Creating a Safe Space for Loved Ones With Dementia

As dementia slowly eats away at the vibrant life of our loved ones, we have a desire to protect them and keep them safe. We can’t keep on eye on them 24/7. Therefore, it is important to make sure their identity and condition are easily identified by others through something like an id bracelet. Alzheimers bracelets allow for important information to be readily available should an individual suffering from dementia wander off and end up in a strange situation. Another way to protect our loved ones with dementia is to take a look at the home environment and adapt it to their needs.

Contact Local Agencies for Help

Many communities have an Alzheimer’s Association or Agency on Aging that can provide guidance and local resources to help with this difficult transition. They are also great resources for finding qualified health professionals such as occupational or physical therapists and geriatric care managers that can help with aging-in-place recommendations.

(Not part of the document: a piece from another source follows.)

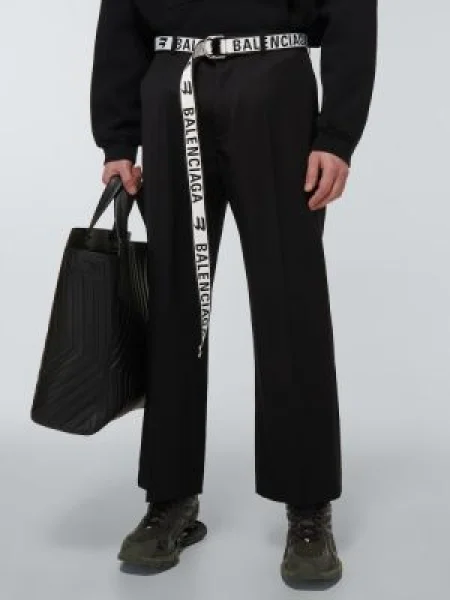 Jacquard öv Balenciaga fekete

Look at Your Home From Their Point of View

Dementia is a cognitive disease that affects not only memories but also depth perception, coordination, and balance. As the disease progresses, simple tasks become increasingly difficult and hard to manage alone. Looking at the home with an eye for potential hazards is critical. Take time in making changes since it may take a loved one with dementia more time to adjust to their changing environment. Making many changes at once can be incredibly unsettling.

Designate a Danger Zone

Making a safe home for someone with dementia includes placing potentially hazardous products out of sight. It is common for someone with dementia to forget how to use things or what the purpose of an item is. Similar to small children, they may not realize an object such as a fireplace is hot or that a bottle containing a liquid is not meant for human consumption. To make a home safer, it is best to find a secure place that is out of sight to store potentially dangerous items like cleaning products, insecticides, paints, alcohol, power tools, and sharp objects. If it is not possible to store all of these items in one place, consider the use of childproof locks on drawers and cabinets where they are stored.

Keeping a loved one at home while they age is challenging but can be managed with some help. Be mindful of the resources available and take steps to make a safe environment one at time. It is possible for your loved one to age in place with dignity.